Georg Trakl, tra tormenti e intuizioni

Georg Trakl è stato un Poeta austriaco che solo da pochi lustri ha avuto visibilità in Italia.

“Il singolo, nella società moderna si isola perché preferisce essere dissoluto anziché inautentico. Io anticipo le catastrofi mondiali, non prendo partito, non sono un rivoluzionario. Sono il partito della mia epoca e non ho altra scelta se non il dolore”.

Bastano queste poche frasi per presentare Georg Trakl, forse uno dei più grandi poeti di lingua tedesca del Novecento, autore apocalittico che visse durante l’angosciosa vigilia della Grande Guerra, apparentemente lontano dalla nostra epoca ma terribilmente attuale.

Agli occhi dei pochi che in Italia si sono accostati alle sue poesie, è parso di scorgere le stesse linee dei poeti maledetti francesi ma è l’epilogo della sua vita che ha fatto assumere alla sua poetica un contorno più tragico e più viscerale.

La sua fu un’esistenza tormentata e breve, consumata da una misantropia estrema, spesa nell’esaltazione di una natura misteriosa e sconosciuta.

Come un personaggio di Dostoevskij, Trakl si sentiva perseguitato da una colpa innominabile, sofferente in una società che reputava inadeguata, consumato dal bisogno di alcool e stupefacenti, ossessionato da visioni di decadenza e dall’ incapacità di vivere.

Trakl è difficilmente etichettabile, collocarlo in un movimento letterario sarebbe riduttivo, così come risulterebbe arduo il tentativo di dare alla poesia del poeta austriaco un’interpretazione esaustiva e definitiva.

L’opera di Trakl ha una dimensione esistenziale, le sue liriche erano una esemplare espressione della crisi epocale della cultura occidentale agli inizi del Novecento. Una crisi che in Trakl non trovava risposte ma solo domande. Domande che si esplicavano in un linguaggio inadeguato a tracciare i contorni dell’esistenza e del suo senso.

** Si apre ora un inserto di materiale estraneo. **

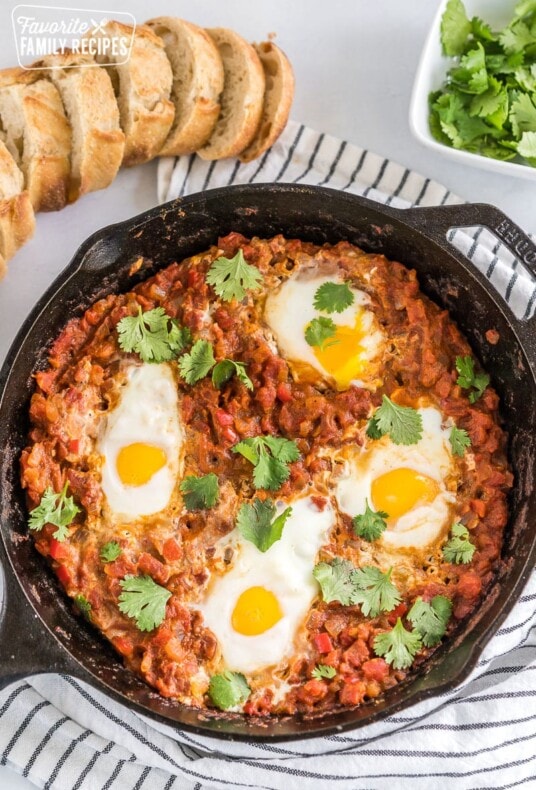 Shakshuka in a cast iron pan with a loaf of bread and cilantro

L’uomo che scaturisce dalle liriche di Trakl è un viandante, un essere che cerca di tendere al suo luogo originario. Ormai perduto e lontano, di lui resta solo un ricordo sbiadito. Uno straniero alla ricerca di un proprio centro interiore, smarrito da una modernità ormai incombente.

Lo straniero a volte assume anche le sembianze del folle, colui che è in grado di allontanarsi dalla realtà quotidiana e di compenetrare o cercare almeno di interpretare la verità tramite le manifestazioni della natura. In una continua oscillazione tra visioni di caduta e resurrezione e immagini di idilliaco accordo tra uomo e natura.

Per Trakl l’uomo contemporaneo, vista l’impossibilità di superare la crisi di significati e di valori, avrebbe dovuto assumersi la responsabilità di percorrere l’avventura del nichilismo sino in fondo, pagandone anche le estreme conseguenze. Trakl difatti si suicidò nel novembre del 1914.

La sua poetica vive nella luce incerta del crepuscolo ma anche dell’aurora, sospesa tra fine ed inizio in un linguaggio visionario e lacerato.

Al centro troviamo l’uomo solo che si aggira in un mondo di brutture, di inganni e di disvalori, sempre alla ricerca di una luce negata.

In un mondo dove “Dio è morto” leggere Trakl significa chiedersi se il tramonto che investe la storia e di conseguenza l’esistenza individuale, significhi uno spegnersi definitivo o un buio che si deve attraversare per giungere ad una nuova alba.